Household Debt and the Bankster-friendly Recovery

- by New Deal democrat

Economist's View reprinted a great article by the San Francisco Fed this morning, entitled Household Debt and the Weak US Recovery arguing that:
"problems related to household balance sheets and house prices are the primary culprits of the weak economic recovery."
....
Overall, the county evidence strongly suggests that credit demand is weak because of an overleveraged household sector. This view is supported by survey evidence that the main worry of businesses is sales, not financing. .... Weak consumer demand also helps explain the enormous cash balances currently held by U.S. corporations (see Lahart 2010). These results have important policy implications. If the main problems facing businesses relate to depressed consumer demand due to a household sector weighed down by debt, investment tax subsidies and lower interest rates may have a limited effect on business investment and employment growth.
Included is this great graph showing the debt-to asset and debt-to-income ratios of US households:


Notice that by this metric, relatively little has been done to discharge the huge run-up in debt amassed by US consumers during the Bush expansion of the first part of the last decade.

On the contrary, here again is the graph for debt payments as a percent of disposable income, as of the third quarter of 2010:



As I've noted before, the difference in the two graphs is the effect of refinancing existing debt at lower interest rates.

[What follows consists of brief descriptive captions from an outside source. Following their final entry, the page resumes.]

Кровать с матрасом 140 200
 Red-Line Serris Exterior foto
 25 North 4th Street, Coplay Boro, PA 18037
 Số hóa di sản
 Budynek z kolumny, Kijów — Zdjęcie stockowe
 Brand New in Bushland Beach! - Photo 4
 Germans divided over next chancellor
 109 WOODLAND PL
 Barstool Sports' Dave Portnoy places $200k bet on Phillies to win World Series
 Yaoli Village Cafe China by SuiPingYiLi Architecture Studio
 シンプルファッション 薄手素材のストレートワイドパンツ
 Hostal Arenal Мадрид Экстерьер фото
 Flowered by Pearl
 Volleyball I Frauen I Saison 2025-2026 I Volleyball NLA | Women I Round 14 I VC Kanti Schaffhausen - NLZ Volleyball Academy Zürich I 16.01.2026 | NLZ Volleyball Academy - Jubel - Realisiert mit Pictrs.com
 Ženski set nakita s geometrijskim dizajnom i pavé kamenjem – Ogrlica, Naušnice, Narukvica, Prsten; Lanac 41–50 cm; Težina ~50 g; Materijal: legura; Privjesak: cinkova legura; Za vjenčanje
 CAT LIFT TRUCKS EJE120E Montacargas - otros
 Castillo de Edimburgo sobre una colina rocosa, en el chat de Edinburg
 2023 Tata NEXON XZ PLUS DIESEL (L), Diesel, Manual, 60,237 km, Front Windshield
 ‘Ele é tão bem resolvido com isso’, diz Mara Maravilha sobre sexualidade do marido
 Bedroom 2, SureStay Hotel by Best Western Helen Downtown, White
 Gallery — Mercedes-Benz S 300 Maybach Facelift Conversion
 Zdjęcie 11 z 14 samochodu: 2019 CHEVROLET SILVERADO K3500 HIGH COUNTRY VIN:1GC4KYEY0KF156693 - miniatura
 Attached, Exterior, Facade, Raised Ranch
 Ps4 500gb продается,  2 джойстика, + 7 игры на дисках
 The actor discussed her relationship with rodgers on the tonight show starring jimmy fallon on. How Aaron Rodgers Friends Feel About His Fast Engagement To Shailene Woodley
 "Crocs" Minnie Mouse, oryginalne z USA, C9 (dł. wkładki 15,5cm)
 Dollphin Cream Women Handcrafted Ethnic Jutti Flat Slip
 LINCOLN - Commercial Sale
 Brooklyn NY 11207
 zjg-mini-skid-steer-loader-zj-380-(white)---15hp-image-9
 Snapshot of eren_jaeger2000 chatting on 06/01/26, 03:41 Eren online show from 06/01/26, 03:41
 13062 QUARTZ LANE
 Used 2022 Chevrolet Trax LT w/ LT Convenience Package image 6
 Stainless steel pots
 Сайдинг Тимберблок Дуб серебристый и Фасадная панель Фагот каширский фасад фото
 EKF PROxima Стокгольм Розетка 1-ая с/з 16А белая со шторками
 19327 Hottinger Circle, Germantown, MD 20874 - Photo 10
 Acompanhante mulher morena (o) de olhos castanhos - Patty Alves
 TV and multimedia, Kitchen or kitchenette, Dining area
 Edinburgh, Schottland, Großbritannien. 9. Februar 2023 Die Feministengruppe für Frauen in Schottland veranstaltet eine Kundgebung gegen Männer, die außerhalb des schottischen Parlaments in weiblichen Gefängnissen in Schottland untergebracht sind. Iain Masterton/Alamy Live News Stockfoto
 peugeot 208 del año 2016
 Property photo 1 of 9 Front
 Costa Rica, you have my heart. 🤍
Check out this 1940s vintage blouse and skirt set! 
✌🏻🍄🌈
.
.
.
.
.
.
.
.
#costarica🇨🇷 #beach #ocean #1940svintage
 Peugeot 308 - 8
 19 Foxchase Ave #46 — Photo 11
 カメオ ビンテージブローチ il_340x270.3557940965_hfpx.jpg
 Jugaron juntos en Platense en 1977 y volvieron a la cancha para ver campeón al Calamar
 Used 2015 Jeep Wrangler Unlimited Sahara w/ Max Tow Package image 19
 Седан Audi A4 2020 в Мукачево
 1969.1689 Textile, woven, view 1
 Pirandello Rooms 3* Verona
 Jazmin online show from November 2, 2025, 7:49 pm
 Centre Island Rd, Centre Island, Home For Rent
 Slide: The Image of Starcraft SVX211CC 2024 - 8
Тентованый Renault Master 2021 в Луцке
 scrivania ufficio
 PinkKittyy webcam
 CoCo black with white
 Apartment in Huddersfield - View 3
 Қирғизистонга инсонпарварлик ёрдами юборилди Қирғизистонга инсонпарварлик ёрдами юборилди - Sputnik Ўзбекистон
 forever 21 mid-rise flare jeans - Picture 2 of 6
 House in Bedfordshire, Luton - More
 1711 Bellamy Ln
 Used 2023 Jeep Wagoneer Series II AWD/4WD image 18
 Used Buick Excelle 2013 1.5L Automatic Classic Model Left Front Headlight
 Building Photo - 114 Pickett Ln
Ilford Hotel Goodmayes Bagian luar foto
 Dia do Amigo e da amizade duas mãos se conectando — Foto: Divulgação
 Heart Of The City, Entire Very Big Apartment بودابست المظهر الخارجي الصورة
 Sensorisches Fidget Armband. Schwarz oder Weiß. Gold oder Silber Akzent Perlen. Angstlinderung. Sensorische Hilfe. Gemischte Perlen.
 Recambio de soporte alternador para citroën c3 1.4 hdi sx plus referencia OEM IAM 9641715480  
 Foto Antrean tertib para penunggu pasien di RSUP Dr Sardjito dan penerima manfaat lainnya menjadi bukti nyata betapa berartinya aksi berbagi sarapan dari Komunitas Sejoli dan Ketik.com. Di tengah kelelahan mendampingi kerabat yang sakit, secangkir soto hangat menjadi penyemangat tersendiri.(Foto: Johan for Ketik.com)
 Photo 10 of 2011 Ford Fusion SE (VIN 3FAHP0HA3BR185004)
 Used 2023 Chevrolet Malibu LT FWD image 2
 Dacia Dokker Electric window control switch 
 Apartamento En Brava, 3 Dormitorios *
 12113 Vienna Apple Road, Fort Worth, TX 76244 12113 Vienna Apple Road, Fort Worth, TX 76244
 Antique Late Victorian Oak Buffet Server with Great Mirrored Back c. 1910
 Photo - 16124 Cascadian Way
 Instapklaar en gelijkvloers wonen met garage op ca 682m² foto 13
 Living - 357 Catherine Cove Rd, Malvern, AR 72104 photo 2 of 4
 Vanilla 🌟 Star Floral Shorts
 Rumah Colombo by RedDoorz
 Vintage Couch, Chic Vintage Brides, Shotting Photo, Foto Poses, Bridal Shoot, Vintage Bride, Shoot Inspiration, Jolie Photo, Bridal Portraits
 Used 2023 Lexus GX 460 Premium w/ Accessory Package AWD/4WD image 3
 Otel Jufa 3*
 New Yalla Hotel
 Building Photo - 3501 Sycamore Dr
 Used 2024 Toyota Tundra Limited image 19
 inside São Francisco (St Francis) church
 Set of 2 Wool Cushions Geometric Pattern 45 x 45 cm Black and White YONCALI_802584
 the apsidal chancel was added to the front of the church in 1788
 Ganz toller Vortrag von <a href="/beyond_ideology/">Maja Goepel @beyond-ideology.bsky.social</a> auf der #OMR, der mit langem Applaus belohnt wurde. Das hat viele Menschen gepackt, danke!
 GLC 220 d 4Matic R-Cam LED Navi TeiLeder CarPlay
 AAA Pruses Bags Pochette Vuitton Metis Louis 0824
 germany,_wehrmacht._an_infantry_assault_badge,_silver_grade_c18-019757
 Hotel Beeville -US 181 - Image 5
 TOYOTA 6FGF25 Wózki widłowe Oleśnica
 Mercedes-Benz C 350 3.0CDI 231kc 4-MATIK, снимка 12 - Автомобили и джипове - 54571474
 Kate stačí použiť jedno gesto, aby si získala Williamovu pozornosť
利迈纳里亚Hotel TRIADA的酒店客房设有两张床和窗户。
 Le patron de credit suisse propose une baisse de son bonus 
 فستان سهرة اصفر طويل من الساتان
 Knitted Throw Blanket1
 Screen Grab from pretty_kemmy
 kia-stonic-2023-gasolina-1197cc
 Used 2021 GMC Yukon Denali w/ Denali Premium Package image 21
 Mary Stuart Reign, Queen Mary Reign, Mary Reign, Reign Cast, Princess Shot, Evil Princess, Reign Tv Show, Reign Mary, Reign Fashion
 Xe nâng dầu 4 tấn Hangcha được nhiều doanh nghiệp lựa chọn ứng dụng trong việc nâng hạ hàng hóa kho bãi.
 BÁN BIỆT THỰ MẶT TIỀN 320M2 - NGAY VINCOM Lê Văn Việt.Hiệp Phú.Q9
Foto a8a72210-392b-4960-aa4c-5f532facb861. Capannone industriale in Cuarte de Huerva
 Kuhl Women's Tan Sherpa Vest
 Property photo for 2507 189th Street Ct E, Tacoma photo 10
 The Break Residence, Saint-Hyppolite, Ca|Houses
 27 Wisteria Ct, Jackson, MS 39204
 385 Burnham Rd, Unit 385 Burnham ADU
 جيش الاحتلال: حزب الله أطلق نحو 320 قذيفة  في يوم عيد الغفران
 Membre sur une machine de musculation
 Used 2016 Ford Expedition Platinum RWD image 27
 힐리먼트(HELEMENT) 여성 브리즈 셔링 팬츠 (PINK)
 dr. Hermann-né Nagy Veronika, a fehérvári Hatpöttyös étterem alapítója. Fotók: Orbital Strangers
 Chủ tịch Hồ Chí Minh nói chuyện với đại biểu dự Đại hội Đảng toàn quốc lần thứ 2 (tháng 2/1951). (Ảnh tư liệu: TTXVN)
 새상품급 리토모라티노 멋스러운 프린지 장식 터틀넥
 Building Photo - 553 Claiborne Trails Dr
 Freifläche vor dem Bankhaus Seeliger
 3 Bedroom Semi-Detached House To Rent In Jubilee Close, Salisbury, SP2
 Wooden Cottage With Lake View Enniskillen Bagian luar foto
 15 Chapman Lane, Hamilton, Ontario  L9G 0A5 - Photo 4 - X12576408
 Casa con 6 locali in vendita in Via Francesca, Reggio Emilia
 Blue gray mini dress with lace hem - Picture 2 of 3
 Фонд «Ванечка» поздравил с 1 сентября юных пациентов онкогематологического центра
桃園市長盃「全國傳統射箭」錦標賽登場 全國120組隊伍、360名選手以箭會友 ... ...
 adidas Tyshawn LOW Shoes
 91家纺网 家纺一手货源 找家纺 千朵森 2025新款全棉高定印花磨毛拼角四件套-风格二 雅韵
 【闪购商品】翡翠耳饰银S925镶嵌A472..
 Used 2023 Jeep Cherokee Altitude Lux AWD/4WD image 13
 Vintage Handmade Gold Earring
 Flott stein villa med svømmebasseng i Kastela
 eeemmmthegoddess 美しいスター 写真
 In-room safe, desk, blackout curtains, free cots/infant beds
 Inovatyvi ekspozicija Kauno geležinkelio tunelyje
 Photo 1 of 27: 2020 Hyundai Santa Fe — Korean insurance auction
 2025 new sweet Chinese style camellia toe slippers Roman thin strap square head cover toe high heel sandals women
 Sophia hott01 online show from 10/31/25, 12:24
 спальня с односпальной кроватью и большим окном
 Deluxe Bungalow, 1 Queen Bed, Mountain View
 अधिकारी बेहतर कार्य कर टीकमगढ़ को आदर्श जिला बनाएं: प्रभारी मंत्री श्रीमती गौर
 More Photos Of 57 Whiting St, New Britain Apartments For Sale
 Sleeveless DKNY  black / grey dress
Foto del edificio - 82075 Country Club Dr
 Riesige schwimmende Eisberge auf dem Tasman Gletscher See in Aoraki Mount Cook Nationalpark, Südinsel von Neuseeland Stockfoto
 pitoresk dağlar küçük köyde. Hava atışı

I'm not sure how much longer the trick of refinancing can be used - unless mortgage rates are going to decline further to 3% or 2% like the Great Depression.

Which brings me to the final, depressing, point. On the one hand, the Panics of the 19th century ultimately did resolve themselves, however slowly, without "New Deals." So will this bust. On the other hand, it is a measure of how completely intellectually captured are the political elites in Versaille that while the banksters have been made whole, in the face of the worst downturn since the Great Depression, the only direct aid to consumers/households has been modest tax decreases, and the only aid directly for the unemployed has been the extension of unemployment benefits for some, but not all, long term jobless to a maximum of 99 weeks. The rest, as Atrios says, have been "rimshots" such as aid directed to the states for construction projects.

Meanwhile, the single most effective remedy for overextended household balance sheets - "cramdown" authority for bankruptcy judges to write down mortgages on primary residential properties - was tabled by a Congress with the biggest democratic majorities in decades, with the acquiescence of a democratic Administration. Three years ago we could debate the moral hazard and rectitude of such cramdown legislation. The San Franciso Fed's report shows just how huge a price the economy as a whole, and consumers in general, are paying for that choice.